Thursday, March 29, 2007

From Inside Higher Ed


March 28: Inexorable March to a Part-Time Faculty

New data from the U.S. Education Department confirm what faculty leaders increasingly bemoan: The full-time, tenure-track faculty member is becoming an endangered species in American higher education.

A new report from the National Center for Education Statistics shows that of the 1,314,506 faculty members at colleges that award federal financial aid in fall 2005, 624,753, or 47.5 percent, were in part-time positions. That represents an increase in number and proportion from 2003, the last full survey of institutions, when 543,137 of the 1,173,556 professors (or 46.3 percent) at degree-granting institutions were part timers….


March 29: Portrait of the Occupational Student:

…A report issued Wednesday by the U.S. Education Department attempts to provide more information about the subset of college students — one that is more diverse and disadvantaged than students on average — that is seeking occupational training.

… The group was predominantly female (57 percent), and had higher rates of underrepresented minority groups than other sectors do: 16 of the students are black and 9 percent are Hispanic. The average age of these students when they started their programs was 24.

…Generally, students seeking certificates or associate degrees are less likely than are those seeking a four-year degree to complete their programs — whether the credential they are seeking is vocational or academic. And the new study offers additional confirmation.

…The top reasons cited by those who left their programs were: job or financial demands, family demands and moving to another city or state. In some cases, people citing these reasons did not abandon their quest for a credential but enrolled in less demanding programs.
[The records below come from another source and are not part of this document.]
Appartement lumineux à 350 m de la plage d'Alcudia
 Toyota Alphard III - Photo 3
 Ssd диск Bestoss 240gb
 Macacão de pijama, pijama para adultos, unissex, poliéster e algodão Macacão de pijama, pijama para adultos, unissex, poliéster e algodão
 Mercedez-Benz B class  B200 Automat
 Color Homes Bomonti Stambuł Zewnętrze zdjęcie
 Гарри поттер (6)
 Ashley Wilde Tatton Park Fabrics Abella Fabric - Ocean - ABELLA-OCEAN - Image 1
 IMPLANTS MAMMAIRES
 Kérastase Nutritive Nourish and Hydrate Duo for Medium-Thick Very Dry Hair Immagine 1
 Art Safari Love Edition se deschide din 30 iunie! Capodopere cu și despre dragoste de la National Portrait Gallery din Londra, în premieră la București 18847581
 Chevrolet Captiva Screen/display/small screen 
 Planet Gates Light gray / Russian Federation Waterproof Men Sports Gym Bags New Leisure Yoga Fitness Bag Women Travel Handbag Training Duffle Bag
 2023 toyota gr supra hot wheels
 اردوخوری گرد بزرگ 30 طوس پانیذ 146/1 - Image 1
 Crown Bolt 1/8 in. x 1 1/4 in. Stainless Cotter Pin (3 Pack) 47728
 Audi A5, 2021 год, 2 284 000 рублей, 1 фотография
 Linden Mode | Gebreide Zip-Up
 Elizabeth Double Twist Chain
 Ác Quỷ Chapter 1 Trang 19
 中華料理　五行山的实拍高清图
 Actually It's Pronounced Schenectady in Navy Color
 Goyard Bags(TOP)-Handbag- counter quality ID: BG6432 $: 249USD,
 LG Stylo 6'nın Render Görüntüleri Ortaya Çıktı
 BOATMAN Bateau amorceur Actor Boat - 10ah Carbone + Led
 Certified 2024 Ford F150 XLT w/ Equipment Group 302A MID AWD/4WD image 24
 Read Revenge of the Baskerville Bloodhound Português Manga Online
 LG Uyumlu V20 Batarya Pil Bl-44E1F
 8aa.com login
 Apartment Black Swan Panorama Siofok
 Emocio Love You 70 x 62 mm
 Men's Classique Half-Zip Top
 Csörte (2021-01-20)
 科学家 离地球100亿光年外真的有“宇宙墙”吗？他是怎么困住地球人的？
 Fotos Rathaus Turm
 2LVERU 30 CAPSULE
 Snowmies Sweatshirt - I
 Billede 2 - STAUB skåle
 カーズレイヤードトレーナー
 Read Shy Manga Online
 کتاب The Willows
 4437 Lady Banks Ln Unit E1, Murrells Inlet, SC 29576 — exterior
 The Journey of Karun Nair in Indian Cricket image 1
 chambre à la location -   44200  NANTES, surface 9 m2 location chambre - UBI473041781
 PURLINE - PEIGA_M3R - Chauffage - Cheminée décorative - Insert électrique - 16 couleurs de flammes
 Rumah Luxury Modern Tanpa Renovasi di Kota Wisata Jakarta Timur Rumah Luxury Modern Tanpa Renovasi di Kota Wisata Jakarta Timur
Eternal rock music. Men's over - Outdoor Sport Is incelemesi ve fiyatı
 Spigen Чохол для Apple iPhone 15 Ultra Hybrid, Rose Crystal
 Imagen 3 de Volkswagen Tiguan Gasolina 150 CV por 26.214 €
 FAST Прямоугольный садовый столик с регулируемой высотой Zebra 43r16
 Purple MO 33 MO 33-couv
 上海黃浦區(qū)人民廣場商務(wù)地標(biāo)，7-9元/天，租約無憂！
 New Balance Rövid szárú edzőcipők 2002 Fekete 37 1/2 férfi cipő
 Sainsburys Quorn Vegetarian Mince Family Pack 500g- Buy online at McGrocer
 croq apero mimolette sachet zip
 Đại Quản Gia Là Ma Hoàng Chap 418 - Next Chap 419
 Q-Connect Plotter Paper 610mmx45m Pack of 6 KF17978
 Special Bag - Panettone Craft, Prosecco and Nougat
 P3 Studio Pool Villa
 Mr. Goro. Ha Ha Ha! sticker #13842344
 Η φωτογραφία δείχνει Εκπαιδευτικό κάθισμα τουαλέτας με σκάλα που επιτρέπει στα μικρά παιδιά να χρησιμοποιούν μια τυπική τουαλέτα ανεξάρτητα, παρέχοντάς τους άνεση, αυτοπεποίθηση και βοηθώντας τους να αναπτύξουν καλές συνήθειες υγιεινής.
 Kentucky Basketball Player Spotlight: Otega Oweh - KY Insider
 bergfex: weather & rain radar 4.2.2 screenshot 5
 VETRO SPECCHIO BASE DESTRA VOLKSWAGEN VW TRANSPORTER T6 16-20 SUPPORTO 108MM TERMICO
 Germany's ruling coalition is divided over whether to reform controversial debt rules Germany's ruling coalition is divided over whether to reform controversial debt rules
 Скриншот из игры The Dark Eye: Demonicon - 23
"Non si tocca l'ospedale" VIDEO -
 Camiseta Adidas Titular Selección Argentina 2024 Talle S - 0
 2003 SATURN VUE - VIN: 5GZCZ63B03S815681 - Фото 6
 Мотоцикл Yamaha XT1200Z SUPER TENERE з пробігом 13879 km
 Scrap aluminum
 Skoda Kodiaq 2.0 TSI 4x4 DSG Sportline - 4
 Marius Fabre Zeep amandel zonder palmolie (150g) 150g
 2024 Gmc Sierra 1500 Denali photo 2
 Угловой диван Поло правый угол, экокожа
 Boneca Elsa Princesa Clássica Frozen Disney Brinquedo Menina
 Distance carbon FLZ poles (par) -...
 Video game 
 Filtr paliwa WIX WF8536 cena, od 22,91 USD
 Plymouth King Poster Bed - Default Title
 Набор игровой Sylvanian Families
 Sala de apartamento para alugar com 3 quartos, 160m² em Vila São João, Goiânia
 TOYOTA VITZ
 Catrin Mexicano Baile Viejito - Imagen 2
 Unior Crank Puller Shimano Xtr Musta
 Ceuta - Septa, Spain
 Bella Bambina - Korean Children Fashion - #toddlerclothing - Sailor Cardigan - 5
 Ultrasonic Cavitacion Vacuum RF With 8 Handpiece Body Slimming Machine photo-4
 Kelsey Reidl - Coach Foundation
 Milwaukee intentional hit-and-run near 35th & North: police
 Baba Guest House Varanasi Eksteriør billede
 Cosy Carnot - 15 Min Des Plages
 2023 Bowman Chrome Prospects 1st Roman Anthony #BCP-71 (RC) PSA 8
March 29: Ohio U revokes degree:

Ohio University announced Wednesday that it has revoked the master’s degree of a former student in mechanical engineering, having concluded that the student’s thesis contained plagiarism. The action is the first degree revocation coming out of an investigation into numerous theses, which was prompted by another former student’s charges of widespread plagiarism in the department.

March 28: Distance ed not so distant:

In theory, distance education is supposed to open up an era when all students have a range of options not limited by geography. But a new report from Eduventures finds that most distance students enroll at distance programs run by institutions in their own geographic regions, and that more than a third of these students take online courses offered by an institution within a 50-mile radius.